CAPE CANAVERAL, Fla. -- Shuttle Discovery and four astronauts are poised to rocket off on a 21st-Century taxi flight today, ferrying a new crew to the International Space Station before returning to Earth with three boarders who have been there since March.
And when hatches swing open between Discovery and the station, three of the shuttle astronauts will float into a bustling 17-story research complex that was but a vacant two-room outpost when they last visited.
"I think that's going to be exciting," said Discovery mission specialist Dan Barry, who flew up to the station in 1999 when the outpost comprised just a Russian space tug and an American docking module. "I've been to the station once before, but it was unoccupied and much smaller.

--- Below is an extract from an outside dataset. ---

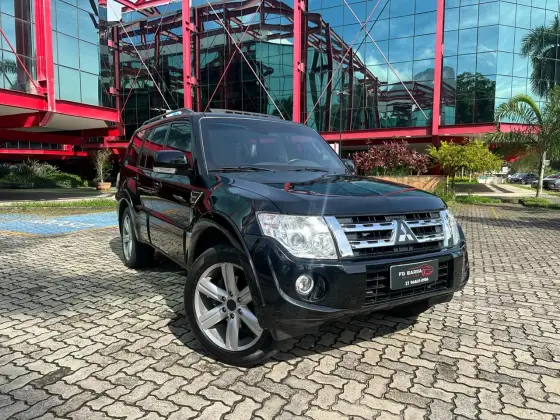 MITSUBISHI PAJERO FULL 3.2 HPE 4X4 16V TURBO INTERCOOLER DIESEL 4P AUTOMÁTICO MITSUBISHI PAJERO FULL 3.2 HPE 4X4 16V TURBO INTERCOOLER DIESEL 4P AUTOMÁTICO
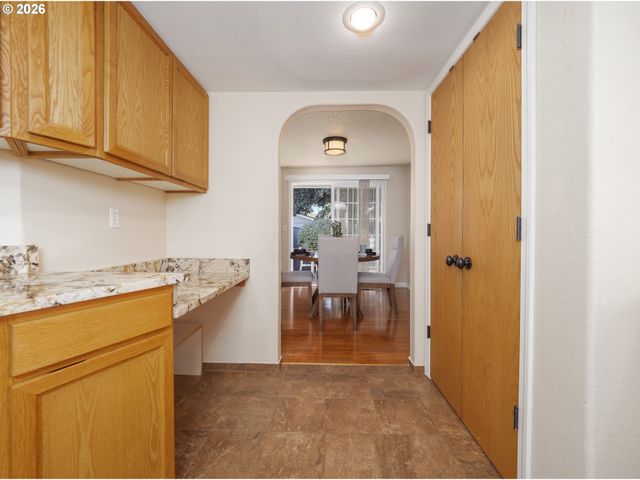 5484 MIDDLECREST Ct S, Salem, OR 97306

So I'm thrilled to have the chance to go up and see people really working on the space station."
"It was a very small baby station when we left it," added Discovery pilot Rick Sturckow, who helped link those first two building blocks in orbit in late 1998. "So I'm really looking forward to seeing what now is just a really first-class facility that's going to get even better in the future."
With a potential solid rocket booster problem now resolved, Discovery and its crew are scheduled to blast off from Kennedy Space Center at 5:38 p.m. EDT (2138 GMT) today, setting sail on a mission to deliver a third full-time resident crew to the station. Weather forecasters predict a 60 percent chance of acceptable conditions during the five-minute launch window.Incoming station skipper Frank Culbertson and two Russian cosmonauts -- Vladimir Dezhurov and Mikhail Turin -- will relieve outpost commander Yuri Usachev and flight engineers Susan Helms and James Voss, who are scheduled to fly home Aug. 21 aboard Discovery.
Coming just two weeks after NASA and its 15 international partners finished the first full phase of a $60 billion station construction project, the shuttle flight will take place amid a preplanned pause in outpost assembly.
During a flurry of 14 U.S. and Russian missions in the past 13 months, shuttle astronauts and two resident crews outfitted the station's crew quarters and added a skeletal truss, a U.S. electric power tower, an American science lab, a Canadian robot arm and an airlock.
Now equipped with five pressurized wings, the station stretches 171 feet (52 meters) from end to end and sports massive American solar arrays that have a wingspan of 240 feet (73 meters). Inside, the outpost contains as much living space as a standard three-bedroom house.
"It is astounding to me, really, what we've done in the last year," said NASA flight director Mark Ferring. "And with all this flurry of activity, it's time that we restock the station and kind of take a breath for a while, and that's a little bit of what's happening on our mission."
Flying up to the station aboard Discovery: An Italian moving van dubbed "Leonardo."
Named for Leonardo da Vinci, the cargo carrier is filled with more than three tons of research apparatus, science experiments and provisions that the so-called Expedition Three crew will need during a planned four-month research tour aboard the outpost.
Said Culbertson: "We have a lot of baggage."
"There's food. There's clothing. There are experimental supplies. There are replacement parts, and a lot of other equipment," added shuttle mission commander Scott Horowitz. "You can imagine to support a crew of three on the station and do all the science that you need to do for four to six months requires a lot of equipment."